Kawakubo has taken aim at our obsession with contouring the perfect body by inserting lumps and bumps into clothes, turned dresses into straitjackets, and covered gowns in fake blood. Even the exhibition, with a set designed by Kawakubo herself, strays from the typical “fashion exhibit” protocol — the setup is nonlinear, allowing the visitor to wander freely, and there is no wall text to explain or comfort the viewer when faced with these unusual fashions. Comme des Garçons isn’t easy, commercial, “wearable,” or any of the things fashion is supposed to be right now.

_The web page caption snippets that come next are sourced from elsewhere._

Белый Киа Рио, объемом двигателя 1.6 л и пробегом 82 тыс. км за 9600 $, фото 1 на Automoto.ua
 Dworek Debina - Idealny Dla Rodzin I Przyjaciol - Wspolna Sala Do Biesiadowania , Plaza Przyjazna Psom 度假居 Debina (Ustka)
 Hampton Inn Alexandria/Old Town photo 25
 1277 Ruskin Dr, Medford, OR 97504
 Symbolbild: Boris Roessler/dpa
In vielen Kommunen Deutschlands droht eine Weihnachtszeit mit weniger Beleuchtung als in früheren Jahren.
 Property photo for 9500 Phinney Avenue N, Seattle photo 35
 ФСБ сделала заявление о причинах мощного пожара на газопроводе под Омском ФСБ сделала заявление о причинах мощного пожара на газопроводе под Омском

And that’s why the few people who really succeeded last night were those wearing bona fide Comme des Garçons, not another designer’s approximation. (To be fair, anyone trying to copy Kawakubo was bound for disaster.) Rihanna, who wore a look from the 18th-Century Punk collection from fall 2016, was widely named best dressed of the night because, as someone put it on Twitter, she did her homework. She and her stylist, Mel Ottenberg, strove to understand what Rei was about and to pay her homage. (Much as she did with her Guo Pei look at the 2015 gala.) The rapturous response to Rih’s look shows how starved people are for fashion that isn’t “safe.” And Caroline Kennedy, in a mile-wide, arm-constricting design that People magazine called a “floral sphere,” was another standout. (Her look came from the same collection as Rihanna’s.) But most of the looks revealed not just designers’ lack of understanding of Kawakubo’s work, but the way in which her genius threatens their status quo.